1. vor dem 2. Januar 1961 geboren und

2. berufsunfähig

sind. Berufsunfähigkeit liegt dabei vor, wenn der Versicherte seinen bisherigen Beruf nicht mehr ausüben kann und für ihn auch keine sozial zumutbare Erwerbstätigkeit im Sinne des § 240 Abs. 2 SGB VI mehr vorhanden ist, die er mit dem ihm verbliebenen Leistungsvermögen noch ausführen kann.

Der Kreis der Tätigkeiten, nach denen die Erwerbsfähigkeit von Versicherten zu beurteilen ist, umfasst alle Tätigkeiten, die ihren Kräften und Fähigkeiten entsprechen und ihnen unter Berücksichtigung der Dauer und des Umfangs ihrer Ausbildung sowie ihres bisherigen Berufs und der besonderen Anforderungen ihrer bisherigen Berufstätigkeit zugemutet werden können.
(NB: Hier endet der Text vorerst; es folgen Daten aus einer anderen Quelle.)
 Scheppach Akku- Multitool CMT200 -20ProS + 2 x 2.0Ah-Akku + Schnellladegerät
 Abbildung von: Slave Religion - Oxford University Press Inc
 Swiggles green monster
Daraus ergibt sich nach ständiger Rechtsprechung, dass eine Verweisung auf andere Tätigkeiten möglich ist, sofern eine solche Verweisungstätigkeit nicht mit einem unzumutbaren sozialen Abstieg verbunden ist und diese Tätigkeit vom Versicherten gesundheitlich ausgeübt werden kann. Der Gesetzgeber hat mit dieser Regelung einen durchaus deutlichen sozialen und finanziellen Abstieg zugelassen und begrenzt diesen lediglich unter dem Gesichtspunkt der Unzumutbarkeit. Nach ständiger Rechtsprechung sind Versicherten, für die als maßgebliche Tätigkeit eine solche aus dem angelernten Bereich entscheidend ist, auch ungelernte Tätigkeiten mit Ausnahme der aller einfachsten Tätigkeiten sozial zuzumuten. Einer besonderen Benennung konkreter Tätigkeiten bedarf es dann nicht, wenn noch ein Leistungsrest für körperlich leichte Arbeiten ohne Einschränkung der geistigen Anforderungen bei möglichem vollschichtigen Einsatz ohne eine atypische Häufung von weiteren Leistungseinschränkungen vorhanden ist.
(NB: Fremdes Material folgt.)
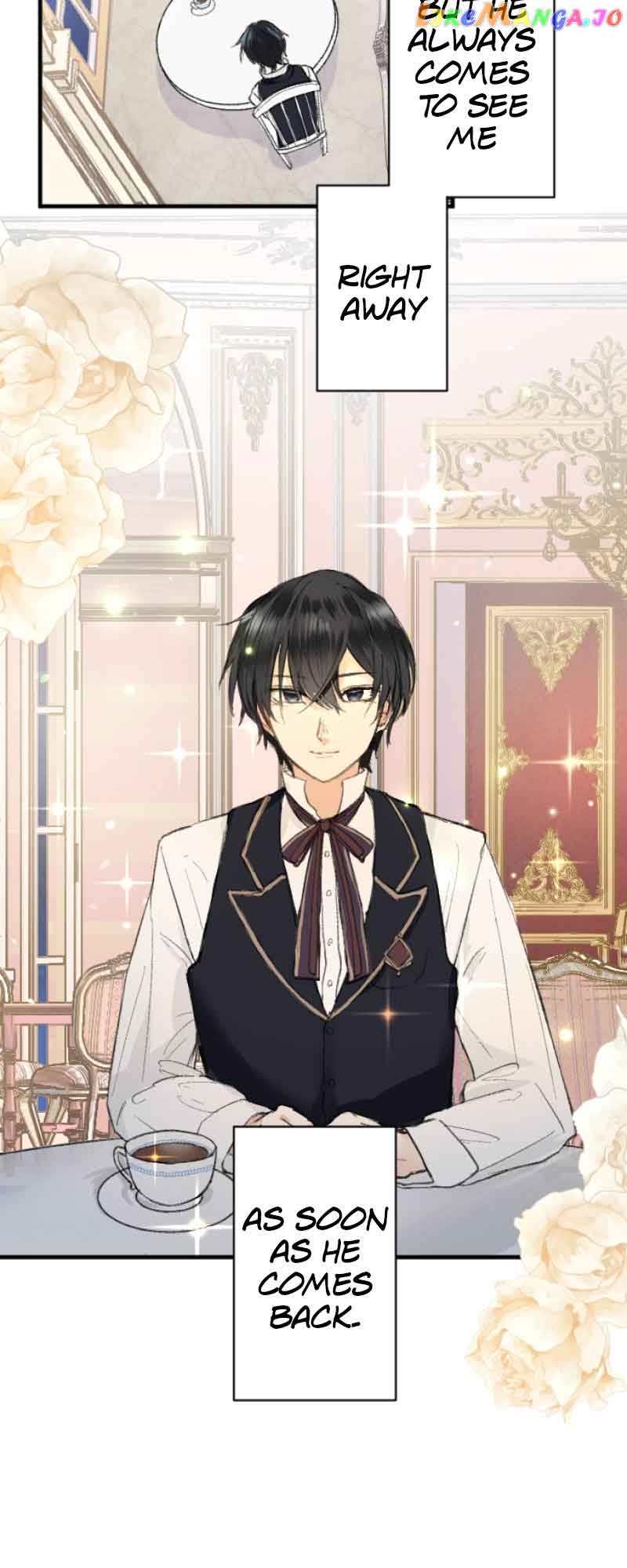 When the Broken Saintess Touches Love Chapter 17 - Page 2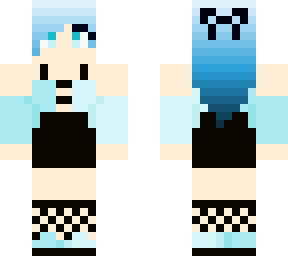blue gir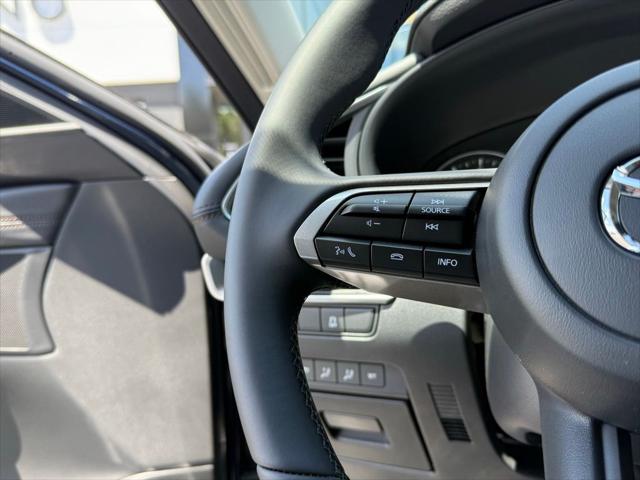 2026 Mazda Mazda3 2.5 S Preferred
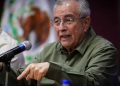 Gobierno de México difunde comunicaciones con EEUU sobre solicitudes de extradición contra Rubén Rocha Moya y Enrique Inzunza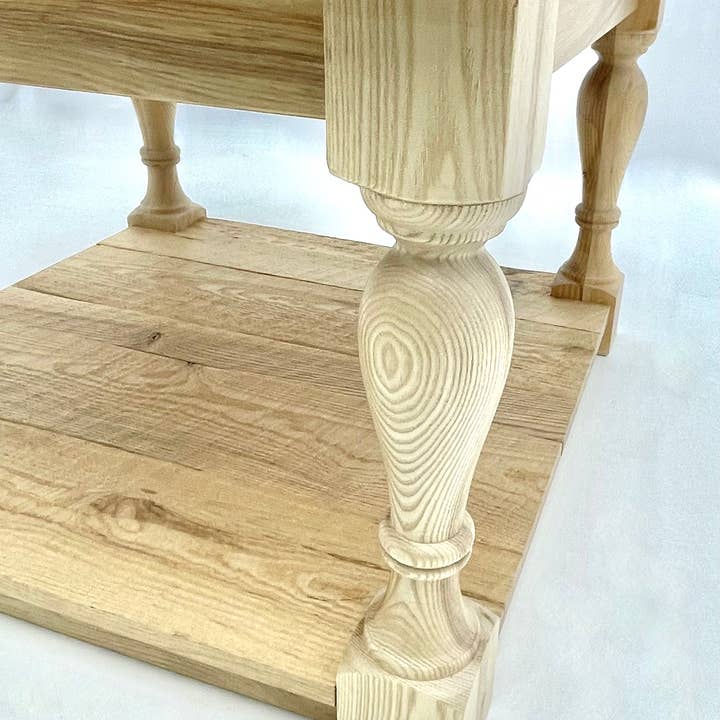 Oak & Post Furniture - Wholesale Coffee Table - Coffee table,Farmhouse,French cottage table,Harvest,Rustic 3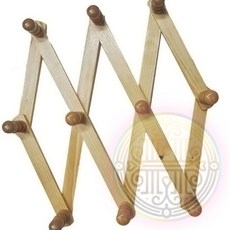 차량용 원목 자바라 옷걸이 빠른배송 보관 부품 고리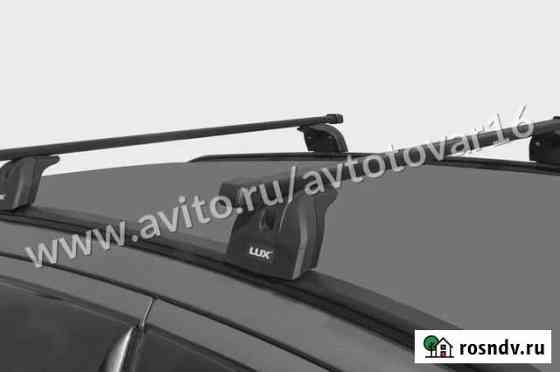 Багажник LUX Nissan X-Trail (T32) (с 2013) Казань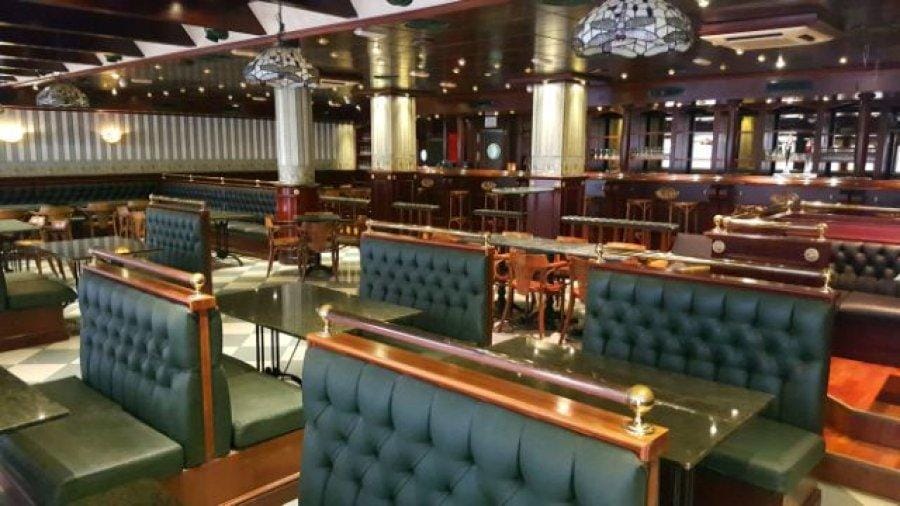 Restaurante en venta en Calpe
Nach diesen Kriterien hat die Klägerin keinen Anspruch auf Rente wegen Erwerbsunfähigkeit beziehungsweise wegen Berufsunfähigkeit gemäß § 240 SGB VI. Das Sozialgericht ist zunächst zutreffend davon ausgegangen, dass die Klägerin sich von ihrem Beruf als Näherin aus anderen als gesundheitlichen Gründen gelöst hat und nach dem Mehrstufenschema des Bundessozialgerichts aufgrund der von ihr zuletzt sozialversicherungspflichtig ausgeübten Tätigkeit einer Briefeverteilerin dem angelernten Bereich zuzuordnen ist. Auf die zutreffenden Ausführungen des Sozialgerichts wird insoweit gemäß § 153 Abs. 2 Sozialgerichtsgesetz (SGG) Bezug genommen.
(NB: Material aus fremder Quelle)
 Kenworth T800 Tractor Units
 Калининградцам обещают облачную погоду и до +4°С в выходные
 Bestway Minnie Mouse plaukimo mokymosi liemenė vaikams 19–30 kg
Dieser für die Klägerin maßgebliche letzte Beruf der Briefeverteilerin ist dem unteren angelernten Bereich zuzuordnen. Denn eine Anlernphase von über drei Monaten ist zur Überzeugung des Senats gemäß § 128 Abs. 1 Satz 1 SGG für diesen Beruf nicht erforderlich und auch im Falle der Klägerin nicht feststellbar. Letzteres ergibt sich aus den Angaben der Klägerin im ersten Verfahren auf Gewährung einer Rente wegen Erwerbs- bzw. Berufsunfähigkeit vor dem Sozialgericht Berlin, dass sie eine Ausbildung für diesen Beruf nicht absolvieren musste und zudem aus den Angaben der Deutschen Post AG im anschließenden Berufungsverfahren vor dem Landessozialgericht Berlin, dass die Klägerin nur arbeitsintern ohne Kurse und Prüfungen angelernt worden sei. Anders als in dem vom Bundessozialgericht am 22. August 2002 entschiedenen Fall eines Briefzustellers (Az. B 13 RJ 19/02 R) hat die Klägerin auch keine innerbetriebliche Prüfung abgelegt und ist zudem nicht nach der Lohngruppe 6a entlohnt worden, so dass sich auch insofern nichts anderes ergibt. Der Klägerin sind danach auch ungelernte Tätigkeiten mit Ausnahme der aller einfachsten Tätigkeiten sozial zuzumuten. Einer besonderen Benennung konkreter Tätigkeiten bedarf es dabei nicht, da –wie bereits dargelegt- bei der Klägerin noch ein Leistungsrest für körperlich leichte Arbeiten ohne Einschränkung der geistigen Anforderungen bei möglichem vollschichtigen Einsatz ohne eine atypische Häufung von weiteren Leistungseinschränkungen vorhanden ist.

Die Kostenentscheidung beruht auf § 193 SGG und entspricht dem Ausgang des Verfahrens in der Sache selbst.

Die Revision war nicht zuzulassen, weil Zulassungsgründe nach § 160 Abs. 2 SGG nicht ersichtlich sind.